Prove
$$ \int_{\overline{B}(0,r)}c'D^{-1}c\ \exp(-1/2 y'D^{-1}y)\ dy >\int_{\overline{B}(0,r)}(y'D^{-1}c)^2\ \exp(-1/2 y'D^{-1}y)\ dy $$ where $ D\in\mathbb{R}^{n\times n} $ is a diagonal matrix, $ \overline{B}(0,r) $ is a closed $n$-ball with nonzero radius, and $c$ is an an arbitrary vector. The ' mark denotes the transpose.
(I'd like ideas for a start at a solution if you're not willing to provide a full solution. Thanks!)

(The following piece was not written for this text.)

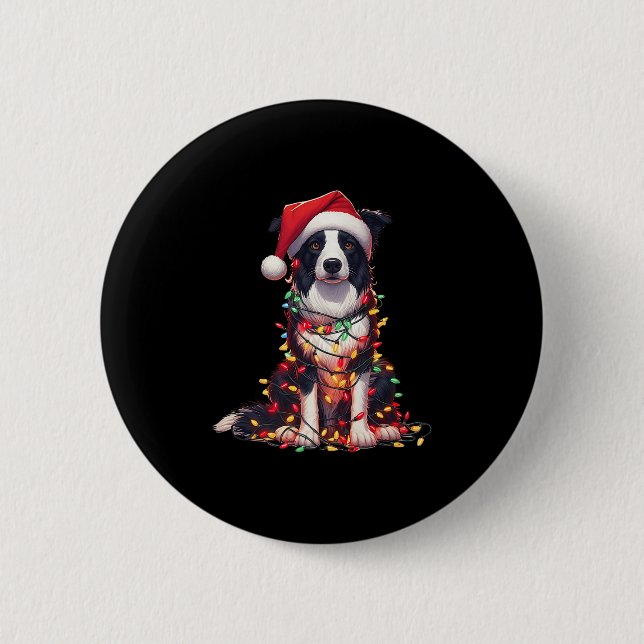 Border Collie Dog Christmas Lights Santa Hat Dog L 6 Cm Round Badge (Front)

This can only be true if the entries of $D$ are positive. Otherwise if $D_i<0$, (zero is not allowed as it is invertible) take $c=e_i$ the unit vector in direction $i$ and your inequality says $$ 0> D_i\times \mbox{a positive cst} > \mbox{ a non-negative number} $$ which is false. And $c$ must be a non-zero vector. Thus, suppose now all the $D_i$ are positive. Next, note that $$ (c^TDy)^2=\sum_{i=1}^n D_{i}^2c_i^2y^2_i +\sum_{i}\sum_{j\neq i} D_iD_jc_ic_jy_iy_j $$ The first term is an even function in $y_i$, whereas the second one is odd. Since the domain of integration is symmetric, and $y^TDy =\sum y_i^2D_i$ is even in $y_i$, $$ \sum_{i}\sum_{j\neq i} \int_{B_r}D_iD_jc_ic_jy_iy_j \textrm{exp}\left(-\frac{1}{2}y^TDy \right) dy=0 $$ Thus, $$ \int_{B_r} (c^TDy)^2 \,\textrm{exp}\left(-\frac{1}{2}y^TDy \right) = \int_{B_r} B(y)^TDy \,\textrm{exp}\left(-\frac{1}{2}y^TDy \right) $$ with $B(y)_i=D_ic_i^2y_i$ Note that div$(B(y))=c^TDc$. As $$ u^TDy \textrm{exp}\left(-\frac{1}{2}y^TDy \right) = u\cdot \nabla \left( -\textrm{exp}\left(-\frac{1}{2}y^TDy \right)\right) $$ and Green's Theorem says $$ \int_{B_r} u \cdot \nabla v = \frac{1}{r}\int_{C_r} v u^T y - \int_{B_r} v \textrm{div}{u} $$ therefore, applying this to $u=B(y)$ and $v=-\textrm{exp}\left(-\frac{1}{2}y^TDy \right)$ you obtain $$ \int_{B_r} (c^TDy)^2 \,\textrm{exp}\left(-\frac{1}{2}y^TDy \right)=-\frac{1}{r}\int_{C_r} \textrm{exp}\left(-\frac{1}{2}y^TDy \right)\sum_{i}(D_ic_i^2)y_i ^2 +\int_{B_r} \textrm{exp}\left(-\frac{1}{2}y^TDy \right)(c^T D c) dy. $$ The first term is negative, so the bound $$ \int_{B_r} (c^TDy)^2 \,\textrm{exp}\left(-\frac{1}{2}y^TDy \right) < \int_{B_r} c^T D c \,\textrm{exp}\left(-\frac{1}{2}y^TDy \right) dy $$ holds.